Short web captions:
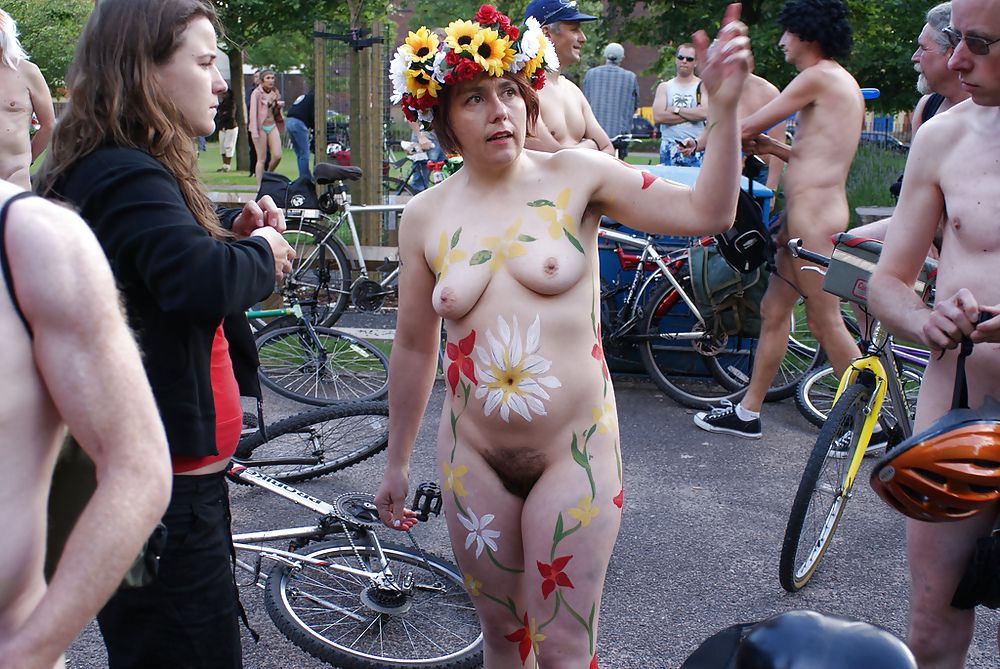 Mundo desnudo en bicicleta 2
 #36528049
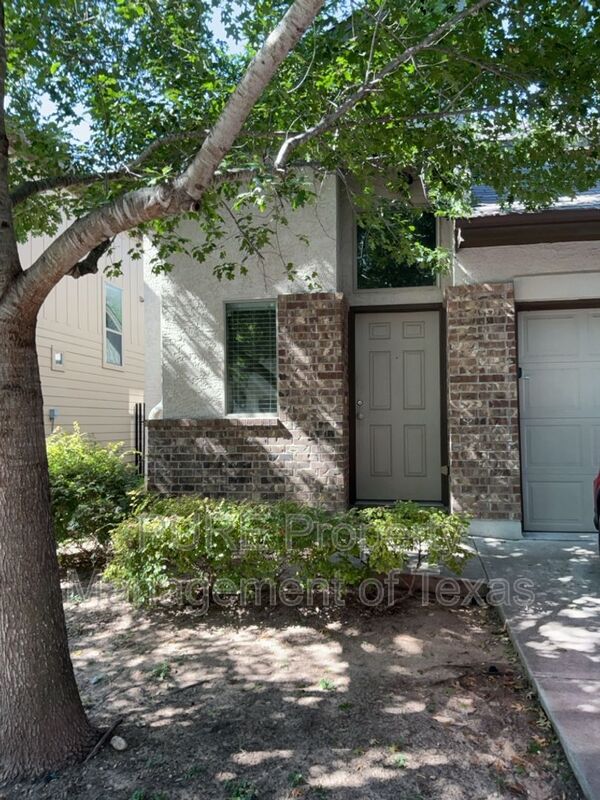 2101 RIVERS EDGE WAY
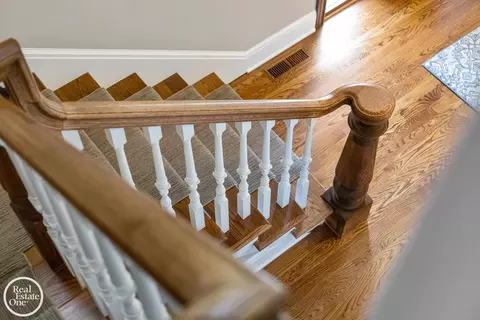 Entry Way - 577 Washington, Grosse Pointe, MI 48230 photo 5 of 10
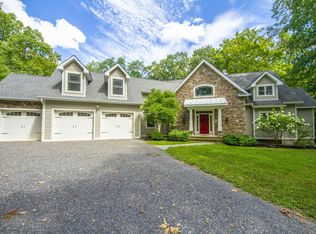 6 Peacock Rd, Rhinebeck, NY 12572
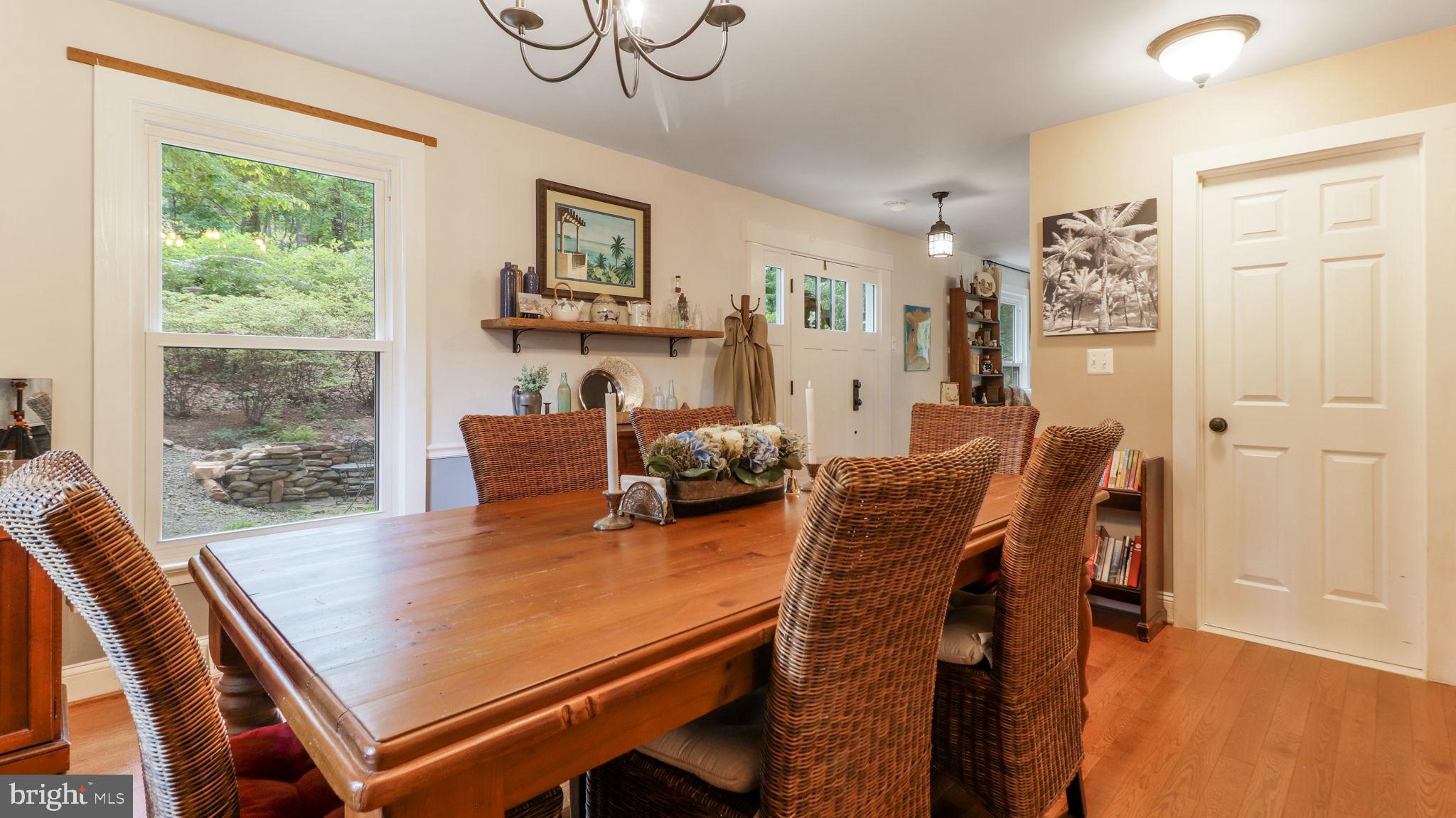 1405 MERCER ROAD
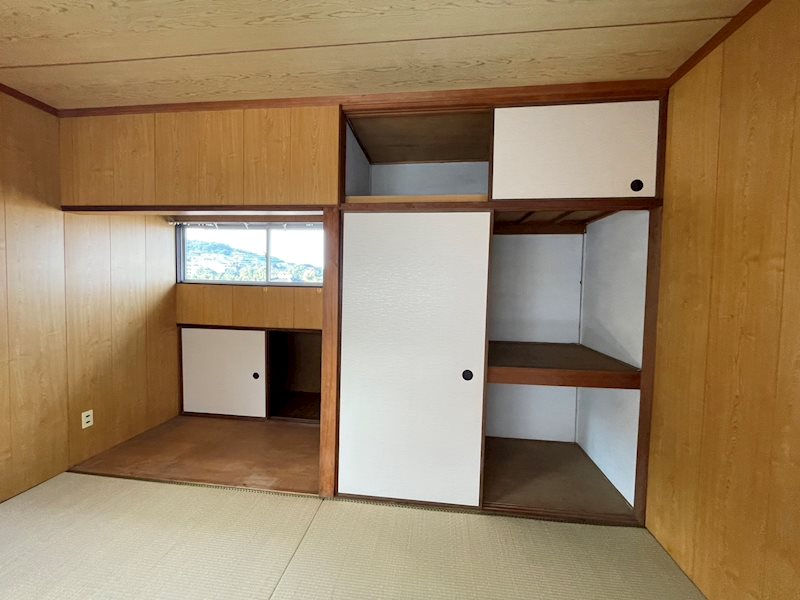 新大谷町9番貸家 収納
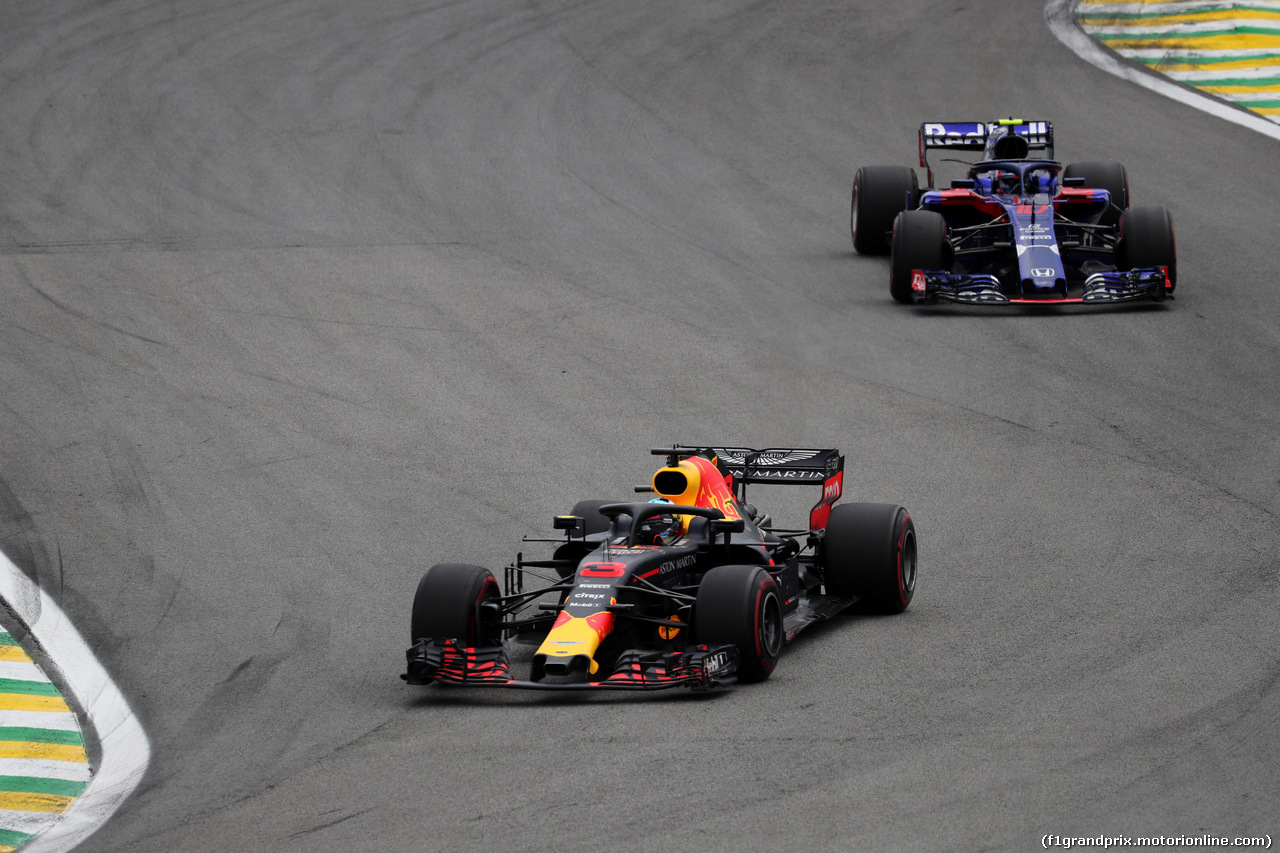 GP BRASILE, 11.11.2018 - Gara, Daniel Ricciardo (AUS) Red Bull Racing RB14 e Pierre Gasly (FRA) Scuderia Toro Rosso STR13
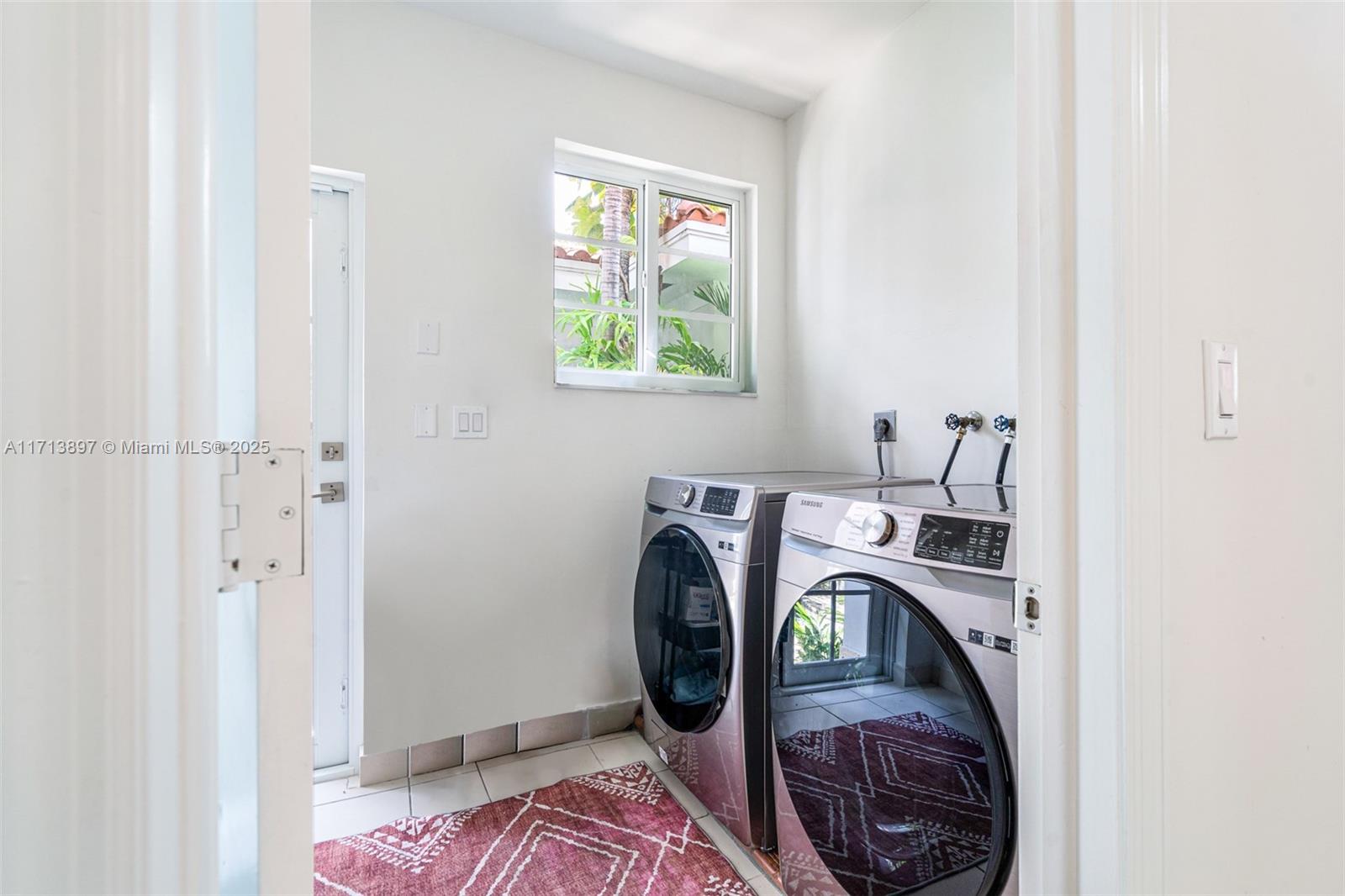 CORAL GABLES SEC C - Residential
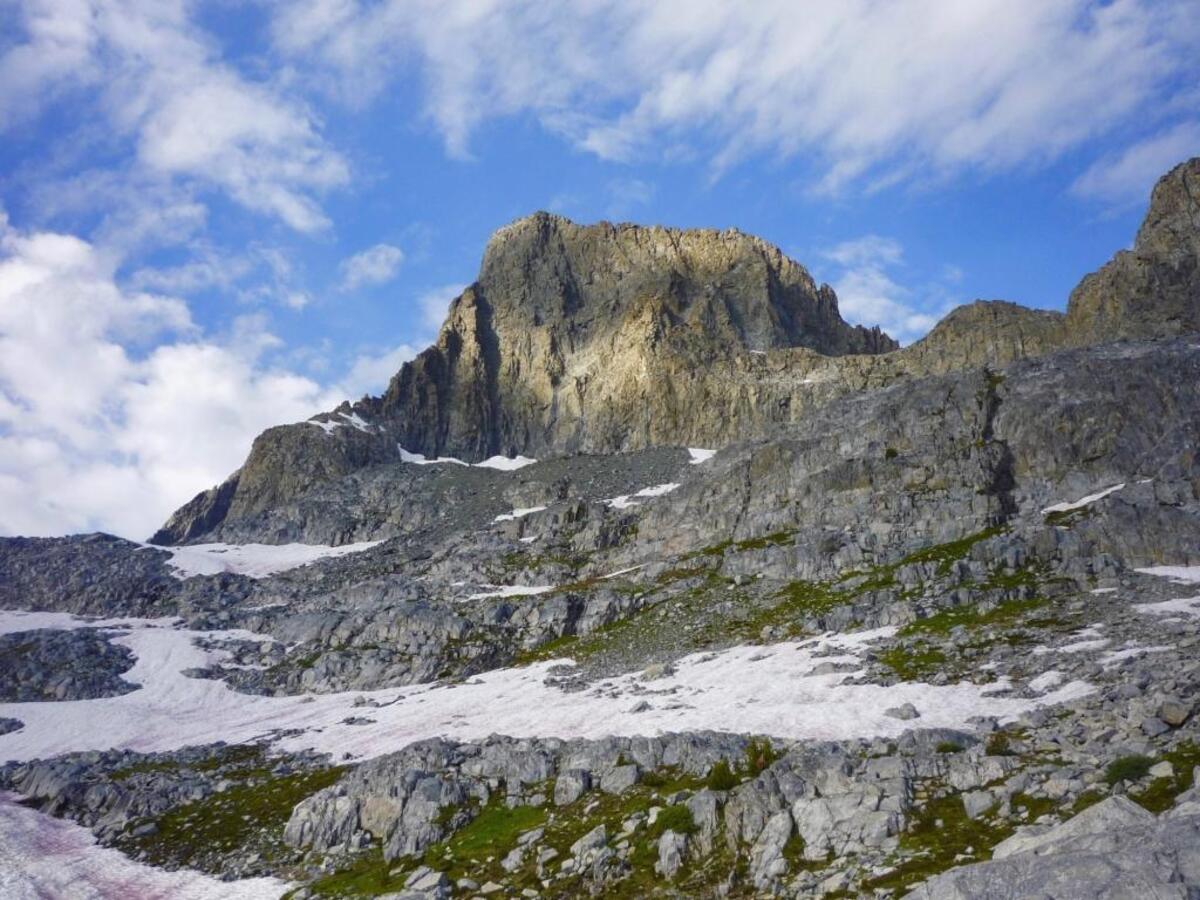 San Luis Obispo resident Dean Rosnau has spent more than four years searching the Ritter Range in the eastern Sierra Nevada mountains for signs of missing Pennsylvania climber Matthew Greene. Banner Peak is the second tallest peak in the range.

Task statement:
Without the pictures, copy out all the records above exactly.

Solution to this task:
 Mundo desnudo en bicicleta 2
 #36528049
 2101 RIVERS EDGE WAY
 Entry Way - 577 Washington, Grosse Pointe, MI 48230 photo 5 of 10
 6 Peacock Rd, Rhinebeck, NY 12572
 1405 MERCER ROAD
 新大谷町9番貸家 収納
 GP BRASILE, 11.11.2018 - Gara, Daniel Ricciardo (AUS) Red Bull Racing RB14 e Pierre Gasly (FRA) Scuderia Toro Rosso STR13
 CORAL GABLES SEC C - Residential
 San Luis Obispo resident Dean Rosnau has spent more than four years searching the Ritter Range in the eastern Sierra Nevada mountains for signs of missing Pennsylvania climber Matthew Greene. Banner Peak is the second tallest peak in the range.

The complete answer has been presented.